● Try it:
Using the entries below, output exactly the line containing "used 2024 Mazda CX-50 car, priced at $24,991" and all lines that follow it to the end.

═══

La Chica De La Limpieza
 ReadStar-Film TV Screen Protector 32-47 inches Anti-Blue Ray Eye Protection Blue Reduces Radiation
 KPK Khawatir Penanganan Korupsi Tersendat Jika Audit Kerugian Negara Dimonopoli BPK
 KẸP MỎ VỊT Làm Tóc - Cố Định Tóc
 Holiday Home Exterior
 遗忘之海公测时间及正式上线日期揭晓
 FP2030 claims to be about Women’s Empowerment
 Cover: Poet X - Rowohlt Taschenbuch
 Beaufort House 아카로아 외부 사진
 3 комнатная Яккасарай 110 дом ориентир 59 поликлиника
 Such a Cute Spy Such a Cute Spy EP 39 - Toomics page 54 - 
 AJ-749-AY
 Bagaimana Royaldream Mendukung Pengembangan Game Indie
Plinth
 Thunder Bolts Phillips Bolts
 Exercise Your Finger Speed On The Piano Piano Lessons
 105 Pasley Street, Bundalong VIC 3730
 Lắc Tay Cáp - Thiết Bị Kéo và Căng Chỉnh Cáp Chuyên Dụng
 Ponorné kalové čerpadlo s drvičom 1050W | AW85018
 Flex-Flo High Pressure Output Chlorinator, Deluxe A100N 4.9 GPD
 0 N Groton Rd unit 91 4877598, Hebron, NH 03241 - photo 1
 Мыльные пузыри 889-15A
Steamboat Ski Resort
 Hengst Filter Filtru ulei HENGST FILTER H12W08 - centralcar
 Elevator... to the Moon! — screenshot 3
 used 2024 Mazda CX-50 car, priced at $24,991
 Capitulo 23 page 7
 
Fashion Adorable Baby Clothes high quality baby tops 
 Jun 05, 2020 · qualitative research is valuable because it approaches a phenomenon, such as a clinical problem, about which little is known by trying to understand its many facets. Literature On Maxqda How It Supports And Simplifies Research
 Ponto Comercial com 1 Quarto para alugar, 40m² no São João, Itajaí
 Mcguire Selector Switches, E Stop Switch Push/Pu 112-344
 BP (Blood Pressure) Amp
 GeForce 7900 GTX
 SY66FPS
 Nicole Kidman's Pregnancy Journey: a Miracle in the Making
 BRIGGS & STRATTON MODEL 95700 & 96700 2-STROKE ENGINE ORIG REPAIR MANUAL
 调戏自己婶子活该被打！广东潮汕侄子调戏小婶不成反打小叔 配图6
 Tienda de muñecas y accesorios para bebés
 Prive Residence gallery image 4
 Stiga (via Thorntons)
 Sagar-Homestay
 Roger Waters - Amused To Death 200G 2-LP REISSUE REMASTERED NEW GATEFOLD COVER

═══

● Task response:
 used 2024 Mazda CX-50 car, priced at $24,991
 Capitulo 23 page 7
 
Fashion Adorable Baby Clothes high quality baby tops 
 Jun 05, 2020 · qualitative research is valuable because it approaches a phenomenon, such as a clinical problem, about which little is known by trying to understand its many facets. Literature On Maxqda How It Supports And Simplifies Research
 Ponto Comercial com 1 Quarto para alugar, 40m² no São João, Itajaí
 Mcguire Selector Switches, E Stop Switch Push/Pu 112-344
 BP (Blood Pressure) Amp
 GeForce 7900 GTX
 SY66FPS
 Nicole Kidman's Pregnancy Journey: a Miracle in the Making
 BRIGGS & STRATTON MODEL 95700 & 96700 2-STROKE ENGINE ORIG REPAIR MANUAL
 调戏自己婶子活该被打！广东潮汕侄子调戏小婶不成反打小叔 配图6
 Tienda de muñecas y accesorios para bebés
 Prive Residence gallery image 4
 Stiga (via Thorntons)
 Sagar-Homestay
 Roger Waters - Amused To Death 200G 2-LP REISSUE REMASTERED NEW GATEFOLD COVER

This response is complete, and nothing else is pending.